Fixed-Income Managers Look to Crack the Code of Model-Delivered Accounts
April 5, 2021 — Boston
Fixed-income managers have been unable to enjoy distribution through model-delivered separate accounts, although exceptions exist among a few distribution partners that have deep relationships with counterparties
While fixed income is an important asset class in the separate account space, it represents less than 5% of model-delivered accounts, according to the latest Cerulli Edge—U.S. Managed Accounts Edition.
The way bonds are traded makes it difficult for an asset manager to deliver a bond portfolio to a broker/dealer (B/D) in a model format. “Low-grade corporate, emerging market, and municipal issues trade infrequently, whereas the average daily trading volume of many stocks numbers in the tens of millions of dollars,” says Tom O’Shea, director. When an asset manager sends a set of equity tickers to an overlay portfolio manager (OPM) at a large B/D, there is usually sufficient liquidity for the B/D to send the trade straight to the market. In contrast, if the asset manager were to send CUSIPs for a municipal bond to the B/D, the OPM would have to enter the bond market and post bid or ask prices for the bond and wait for a buyer or seller to emerge.
Additionally, fixed-income trading still depends upon human networks. Stocks are usually traded through electronic networks that execute trades within seconds. Bonds, on the other hand, are traded through buyers and sellers with long-established relationships that facilitate negotiation. “Fixed-income asset managers typically have deep sell-side relationships, developed over years, that allow them to buy and sell bonds at institutional-level pricing that is unavailable to an investor buying through a retail overlay portfolio manager,” remarks O’Shea.

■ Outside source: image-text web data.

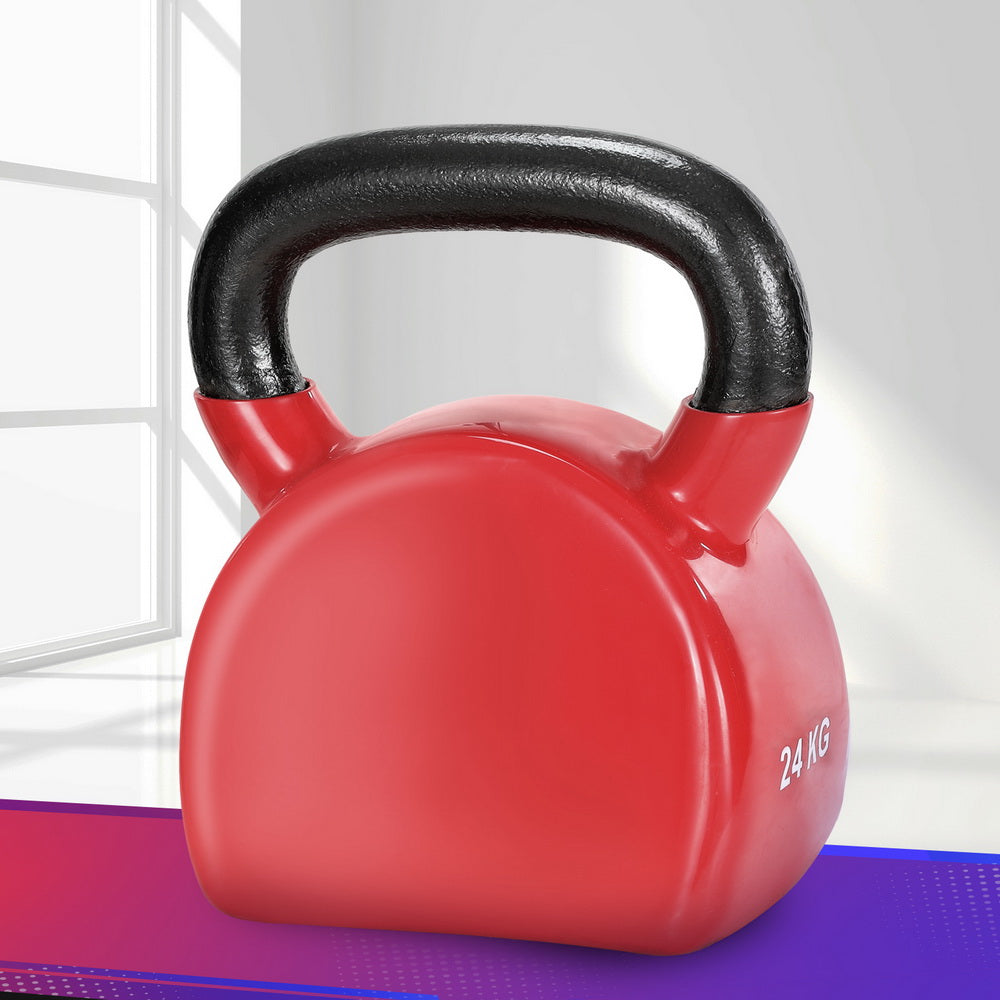 Everfit 24kg Kettlebell Weightlifting Bench Dumbbells Kettle Bell Gym Home FIT-K-KB-24KG-RD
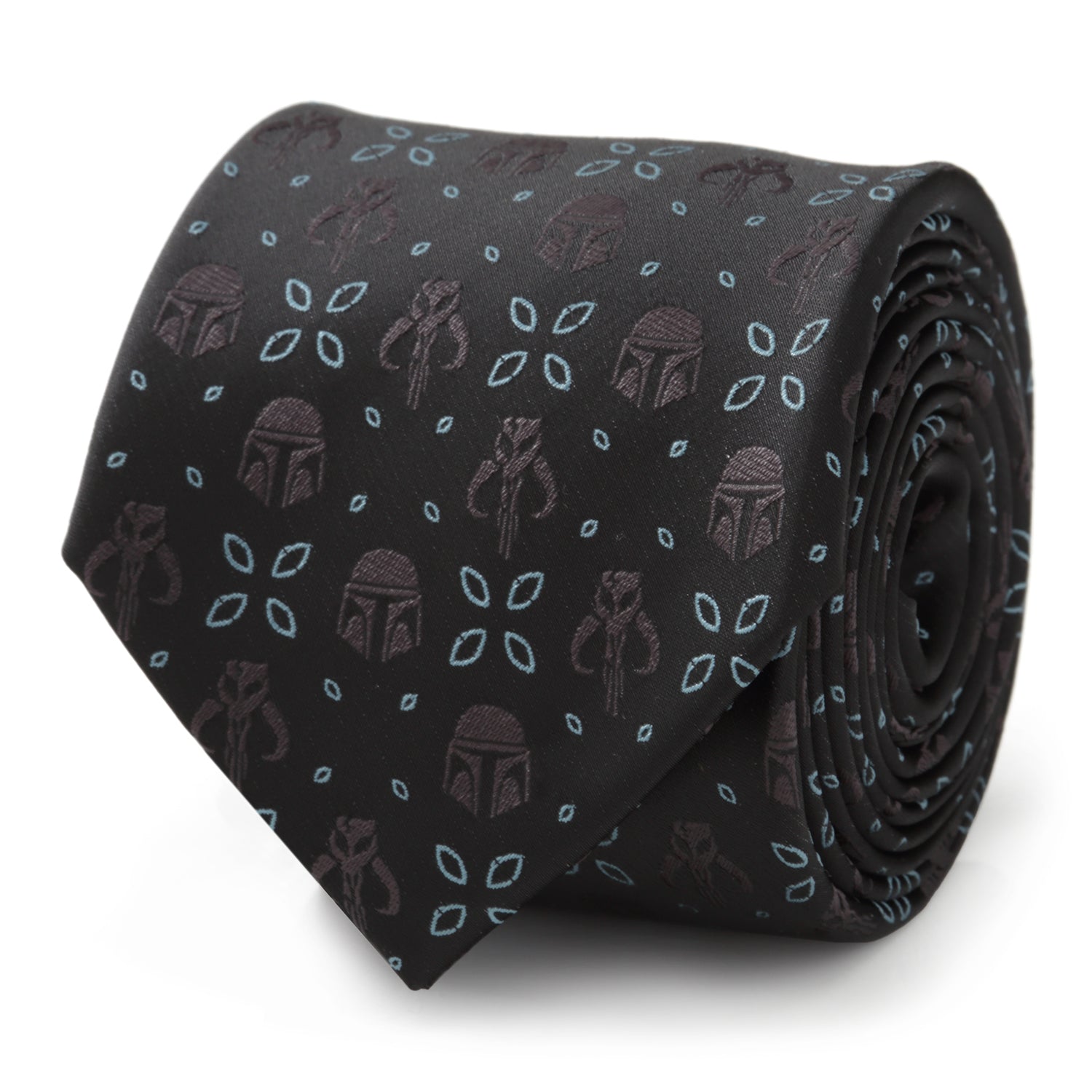 Star Wars Mandalorian Motif Black Tie with Blue Accents - Image 3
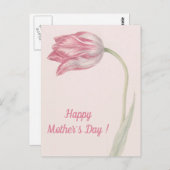 Roze en witte Tulp - Fine Art Moederdag Briefkaart (Voorkant / Achterkant)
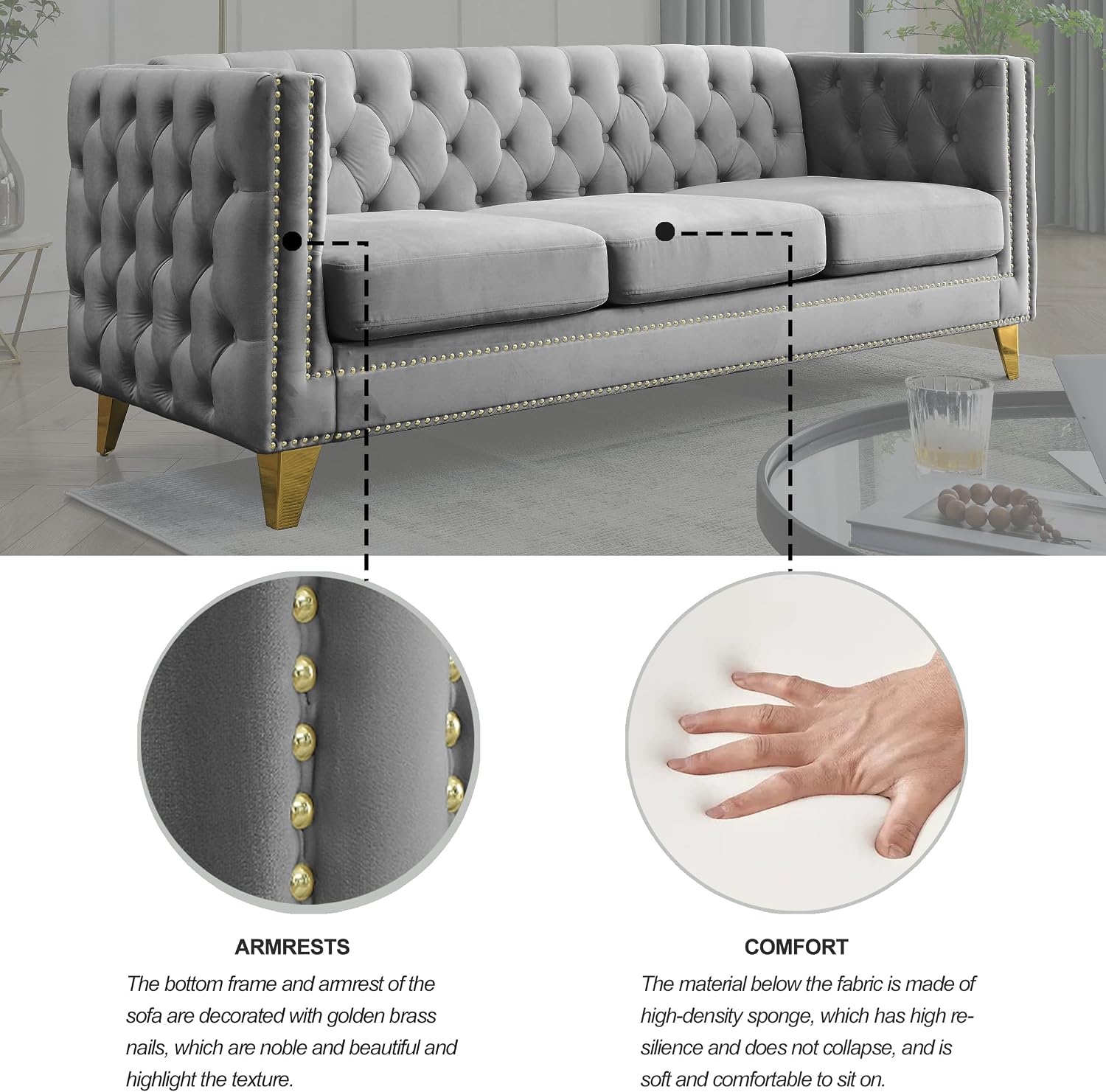mikibama 80.5" Velvet 3 Seater Sofa Couch for Living Room,Button Tufted 3-Seat Couches with Nailhead Trims,Modern Upholstered Sofas with Golden Metal Legs for Bedrooom,Office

Despite these challenges, a limited number of firms are delivering model portfolios of fixed-income securities. The few asset managers that offer model-delivered bond portfolios do so through only the largest B/Ds. These B/Ds typically have trading desks with the same deep relationships with counterparties enjoyed by large fixed-income asset managers. These model portfolios are also limited to high-grade, highly liquid fixed-income securities.
Ultimately, Cerulli believes that fixed-income models will remain difficult to deliver in a model format. “The bond market is structured around the trading habits of large institutions,” notes O’Shea. “Due to the challenges related to trading and liquidity, it remains likely that fixed-income separately managed accounts will continue to be manager-traded aside from rare exceptions.” he concludes.